Your first big determining factor of alfalfa yield is where you raise it. The further north you go the shorter your growing season, and the lower your yield even assuming perfect growing conditions. The second factor is harvest method. Are we also assuming perfect harvesting to go with your perfect growing conditions? Probably better chop it for haylage if you wish to consistently maximize dry matter yield. 
In my part of northern Iowa, we plan for 6.5 ton per acre per year. However I have harvested up to 8.25 ton DM per acre in a year that spring came early, rain was fairly regular, and the history of applied dairy manure to the farm was documented. This was a five cut per year system, where four is likely more common. If you travel south down I29 into southern Nebraska, I have no doubt that pivot irrigated alfalfa can make ten ton per acre.
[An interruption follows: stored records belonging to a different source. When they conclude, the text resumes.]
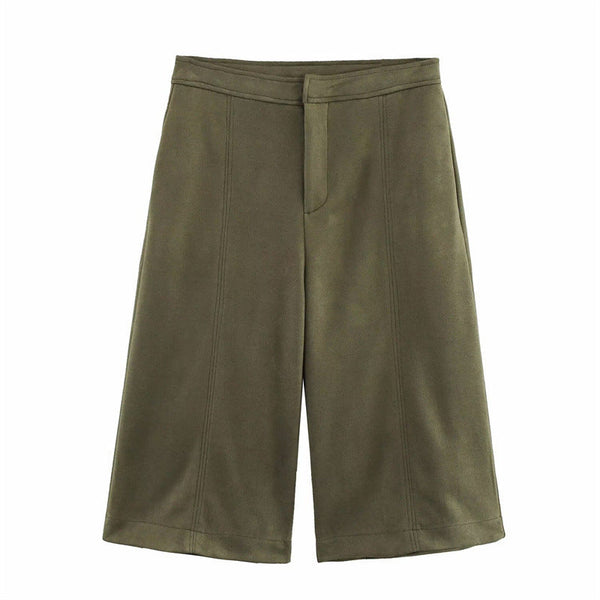 Fashionable lazy suede jacket bomber jacket shorts back skirt jacket set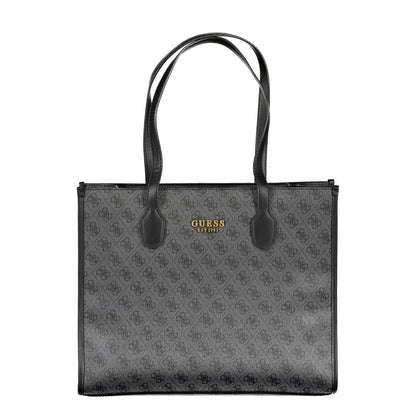 Guess Jeans Black Polyethylene Handbag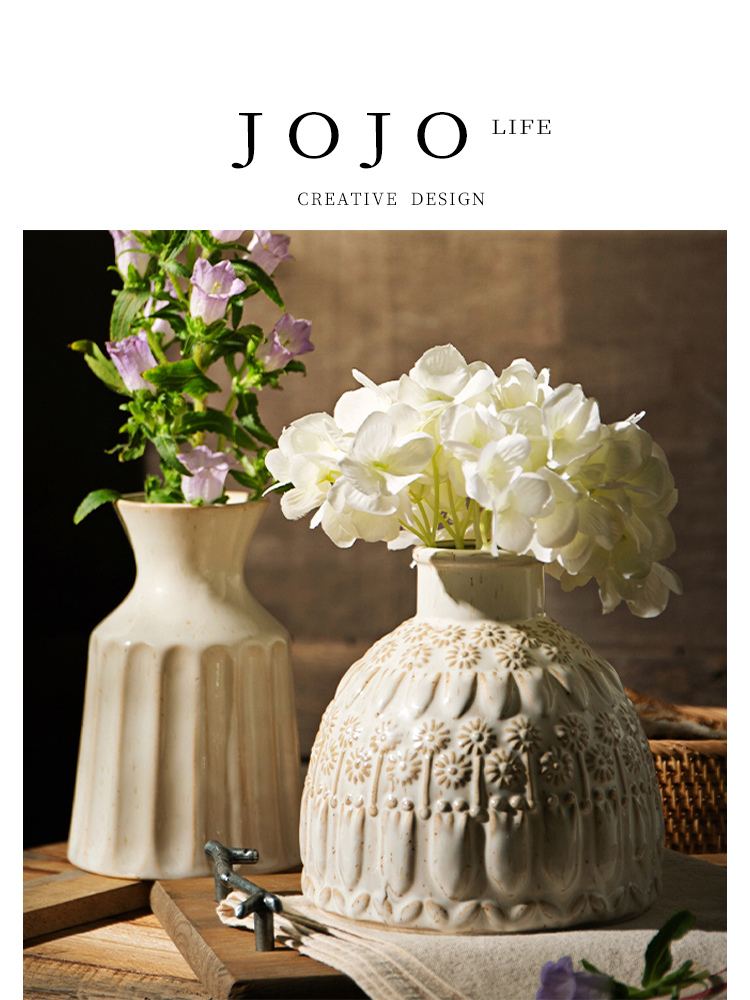 Jojo's L. PD · Love · Vase For Home Fancy Decoration Flower Arrangement Retro Water Planting Bottle | Love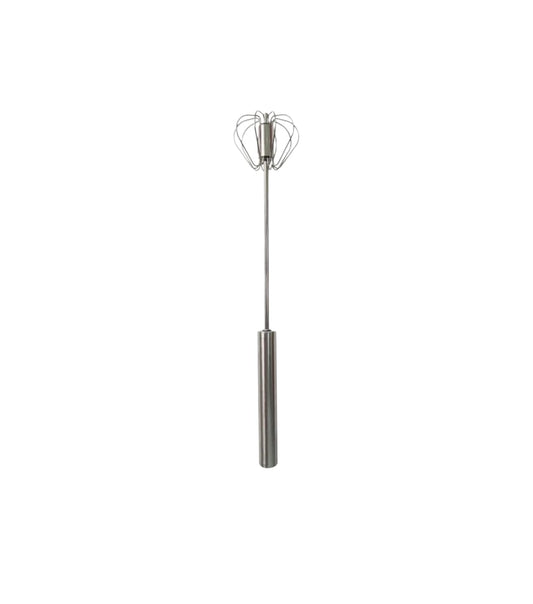 Batidor Semiautomático Acero Inoxidable Mezclador Plateado Plateado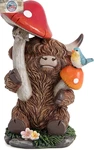 Highland Figurines For Decor,garden Cows Outdoor Statues,hi. Fixed Price $33.99.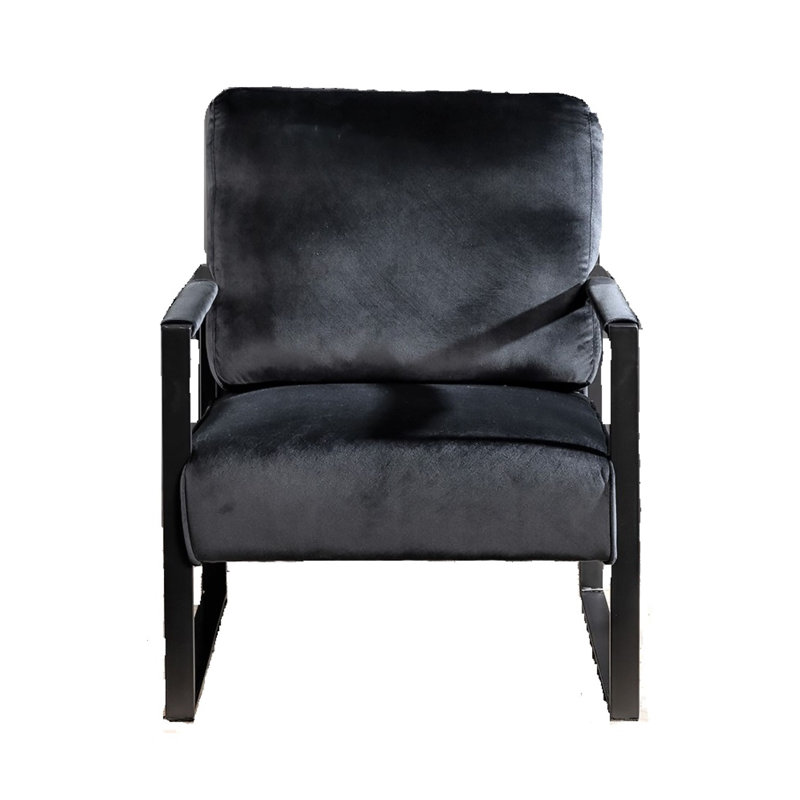 Chaise d'appoint classique Mid Century, Black, Black
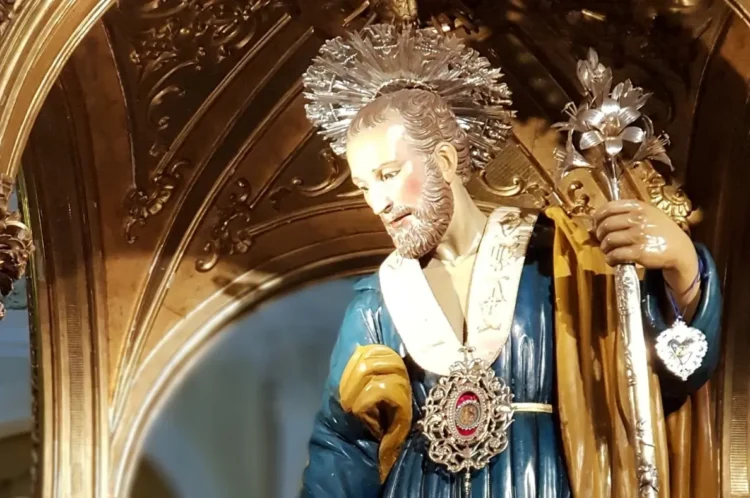 Simulacro di San Giuseppe nella chiesa Madre di Giarratana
California growers who can still get water get even more.


----------



## vhaby (Dec 30, 2009)

When all other growing conditions are perfect, carbon dioxide might become the limiting factor.


----------



## hog987 (Apr 5, 2011)

vhaby said:


> When all other growing conditions are perfect, carbon dioxide might become the limiting factor.


Its a good thing we are doing are part to help with the CO2 than.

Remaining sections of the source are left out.